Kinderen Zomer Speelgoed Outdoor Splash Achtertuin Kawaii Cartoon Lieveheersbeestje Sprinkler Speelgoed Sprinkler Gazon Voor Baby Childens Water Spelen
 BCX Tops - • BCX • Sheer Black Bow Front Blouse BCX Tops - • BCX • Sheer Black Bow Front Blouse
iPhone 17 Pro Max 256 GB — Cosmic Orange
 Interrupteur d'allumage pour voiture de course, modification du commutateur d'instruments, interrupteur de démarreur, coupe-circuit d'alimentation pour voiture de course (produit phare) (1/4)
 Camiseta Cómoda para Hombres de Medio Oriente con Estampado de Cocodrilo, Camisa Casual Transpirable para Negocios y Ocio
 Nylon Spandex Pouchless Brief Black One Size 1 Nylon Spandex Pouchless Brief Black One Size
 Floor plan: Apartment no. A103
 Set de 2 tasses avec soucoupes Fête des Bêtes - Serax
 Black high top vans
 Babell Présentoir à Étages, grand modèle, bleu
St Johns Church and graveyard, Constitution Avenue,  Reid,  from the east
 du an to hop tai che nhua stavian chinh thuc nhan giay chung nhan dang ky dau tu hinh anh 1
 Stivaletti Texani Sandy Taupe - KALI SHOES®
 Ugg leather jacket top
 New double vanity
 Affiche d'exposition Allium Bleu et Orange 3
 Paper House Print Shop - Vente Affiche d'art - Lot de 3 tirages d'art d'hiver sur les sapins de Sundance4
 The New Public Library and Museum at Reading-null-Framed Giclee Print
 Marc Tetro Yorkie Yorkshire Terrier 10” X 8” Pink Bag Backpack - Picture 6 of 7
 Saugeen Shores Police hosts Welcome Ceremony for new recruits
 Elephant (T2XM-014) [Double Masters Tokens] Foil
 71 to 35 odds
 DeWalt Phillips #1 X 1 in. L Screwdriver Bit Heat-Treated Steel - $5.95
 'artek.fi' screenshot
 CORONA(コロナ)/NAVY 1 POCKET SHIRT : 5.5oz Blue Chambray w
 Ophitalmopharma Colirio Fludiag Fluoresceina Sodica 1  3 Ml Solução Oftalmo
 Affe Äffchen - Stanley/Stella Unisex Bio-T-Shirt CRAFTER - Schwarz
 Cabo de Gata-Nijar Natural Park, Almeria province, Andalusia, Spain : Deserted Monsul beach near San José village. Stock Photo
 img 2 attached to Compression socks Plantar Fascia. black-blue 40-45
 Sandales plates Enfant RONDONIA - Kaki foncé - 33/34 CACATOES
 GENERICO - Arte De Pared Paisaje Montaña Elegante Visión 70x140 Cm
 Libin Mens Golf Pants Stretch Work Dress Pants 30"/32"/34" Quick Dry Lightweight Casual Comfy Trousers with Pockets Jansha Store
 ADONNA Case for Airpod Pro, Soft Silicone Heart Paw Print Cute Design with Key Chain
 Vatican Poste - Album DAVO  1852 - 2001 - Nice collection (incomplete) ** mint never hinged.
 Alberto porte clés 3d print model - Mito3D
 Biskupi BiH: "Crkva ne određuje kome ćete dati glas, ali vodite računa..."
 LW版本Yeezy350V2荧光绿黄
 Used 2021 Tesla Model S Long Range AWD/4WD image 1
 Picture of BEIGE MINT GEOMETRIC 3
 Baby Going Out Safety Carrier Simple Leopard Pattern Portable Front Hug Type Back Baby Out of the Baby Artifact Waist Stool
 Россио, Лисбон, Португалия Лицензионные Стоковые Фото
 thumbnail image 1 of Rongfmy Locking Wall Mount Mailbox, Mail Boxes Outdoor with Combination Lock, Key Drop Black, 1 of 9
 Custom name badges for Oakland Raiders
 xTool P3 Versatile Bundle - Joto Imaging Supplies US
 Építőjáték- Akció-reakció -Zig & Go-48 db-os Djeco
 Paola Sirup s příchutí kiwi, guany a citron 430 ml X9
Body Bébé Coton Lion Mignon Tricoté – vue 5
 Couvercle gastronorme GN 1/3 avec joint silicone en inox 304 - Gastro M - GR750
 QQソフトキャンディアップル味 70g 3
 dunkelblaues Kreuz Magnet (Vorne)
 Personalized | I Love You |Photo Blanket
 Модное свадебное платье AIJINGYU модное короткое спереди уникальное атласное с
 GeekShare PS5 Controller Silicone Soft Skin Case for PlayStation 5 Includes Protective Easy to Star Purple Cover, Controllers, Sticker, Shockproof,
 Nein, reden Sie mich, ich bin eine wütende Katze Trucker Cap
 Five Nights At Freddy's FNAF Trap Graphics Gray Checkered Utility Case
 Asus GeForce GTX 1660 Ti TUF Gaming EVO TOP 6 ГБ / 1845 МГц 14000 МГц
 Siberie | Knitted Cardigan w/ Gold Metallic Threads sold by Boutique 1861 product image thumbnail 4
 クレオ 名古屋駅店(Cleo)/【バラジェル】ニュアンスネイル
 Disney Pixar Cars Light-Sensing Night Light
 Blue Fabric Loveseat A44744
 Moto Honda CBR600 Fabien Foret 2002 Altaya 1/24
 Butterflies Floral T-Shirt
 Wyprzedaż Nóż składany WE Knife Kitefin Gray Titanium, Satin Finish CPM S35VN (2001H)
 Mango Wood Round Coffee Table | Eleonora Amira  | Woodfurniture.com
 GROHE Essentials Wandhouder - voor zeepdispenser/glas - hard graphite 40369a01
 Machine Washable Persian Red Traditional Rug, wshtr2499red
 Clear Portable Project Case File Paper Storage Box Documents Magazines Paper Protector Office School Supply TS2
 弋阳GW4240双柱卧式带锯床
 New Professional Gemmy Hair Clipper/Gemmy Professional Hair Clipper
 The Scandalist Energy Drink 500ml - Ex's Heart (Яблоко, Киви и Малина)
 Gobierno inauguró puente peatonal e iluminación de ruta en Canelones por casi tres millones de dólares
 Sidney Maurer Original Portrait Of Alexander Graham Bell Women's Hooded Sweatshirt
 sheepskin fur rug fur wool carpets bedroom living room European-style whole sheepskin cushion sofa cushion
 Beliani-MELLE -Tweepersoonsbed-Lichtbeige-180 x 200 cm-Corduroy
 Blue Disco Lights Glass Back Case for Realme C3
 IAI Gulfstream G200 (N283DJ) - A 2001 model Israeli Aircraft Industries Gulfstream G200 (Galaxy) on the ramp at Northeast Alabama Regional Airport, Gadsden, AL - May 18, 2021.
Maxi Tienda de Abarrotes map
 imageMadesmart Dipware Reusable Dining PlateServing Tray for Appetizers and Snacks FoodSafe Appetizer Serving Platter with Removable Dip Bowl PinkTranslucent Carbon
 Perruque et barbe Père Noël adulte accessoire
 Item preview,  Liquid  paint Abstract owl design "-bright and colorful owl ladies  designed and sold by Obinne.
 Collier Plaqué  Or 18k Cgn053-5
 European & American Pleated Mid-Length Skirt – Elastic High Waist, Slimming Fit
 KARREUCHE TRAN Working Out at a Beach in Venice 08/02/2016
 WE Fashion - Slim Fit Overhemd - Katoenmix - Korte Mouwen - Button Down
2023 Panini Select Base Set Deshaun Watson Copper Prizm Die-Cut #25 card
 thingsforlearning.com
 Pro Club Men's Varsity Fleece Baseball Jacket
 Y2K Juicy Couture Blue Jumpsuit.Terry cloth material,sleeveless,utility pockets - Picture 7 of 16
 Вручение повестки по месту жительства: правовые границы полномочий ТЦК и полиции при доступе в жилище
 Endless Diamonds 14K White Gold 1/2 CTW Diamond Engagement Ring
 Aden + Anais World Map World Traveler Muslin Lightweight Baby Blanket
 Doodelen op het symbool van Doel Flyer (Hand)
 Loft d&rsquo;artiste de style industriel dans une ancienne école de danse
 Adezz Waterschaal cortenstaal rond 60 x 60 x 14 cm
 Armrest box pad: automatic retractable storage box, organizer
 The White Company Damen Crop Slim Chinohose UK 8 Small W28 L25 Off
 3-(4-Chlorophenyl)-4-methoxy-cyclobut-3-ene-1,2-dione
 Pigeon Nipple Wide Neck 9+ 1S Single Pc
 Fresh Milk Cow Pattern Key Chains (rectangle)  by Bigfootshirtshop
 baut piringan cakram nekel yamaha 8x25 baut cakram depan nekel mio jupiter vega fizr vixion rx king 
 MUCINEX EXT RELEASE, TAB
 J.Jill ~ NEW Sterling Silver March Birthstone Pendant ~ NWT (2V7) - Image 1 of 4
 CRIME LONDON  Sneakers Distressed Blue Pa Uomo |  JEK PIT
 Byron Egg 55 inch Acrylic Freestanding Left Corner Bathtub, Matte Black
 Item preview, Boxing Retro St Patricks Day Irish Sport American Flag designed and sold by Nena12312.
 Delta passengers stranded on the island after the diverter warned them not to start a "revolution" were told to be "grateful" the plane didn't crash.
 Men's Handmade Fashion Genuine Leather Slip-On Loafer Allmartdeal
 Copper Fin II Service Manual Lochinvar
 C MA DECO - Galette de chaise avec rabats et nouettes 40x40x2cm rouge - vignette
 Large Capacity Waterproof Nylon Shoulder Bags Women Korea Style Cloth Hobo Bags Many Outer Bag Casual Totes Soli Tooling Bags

++++++++++++++++++++

_Exercise instructions_
Return each full line of the entries that contains the word "sold".

_Task result_
 Siberie | Knitted Cardigan w/ Gold Metallic Threads sold by Boutique 1861 product image thumbnail 4
 Item preview,  Liquid  paint Abstract owl design "-bright and colorful owl ladies  designed and sold by Obinne.
 Item preview, Boxing Retro St Patricks Day Irish Sport American Flag designed and sold by Nena12312.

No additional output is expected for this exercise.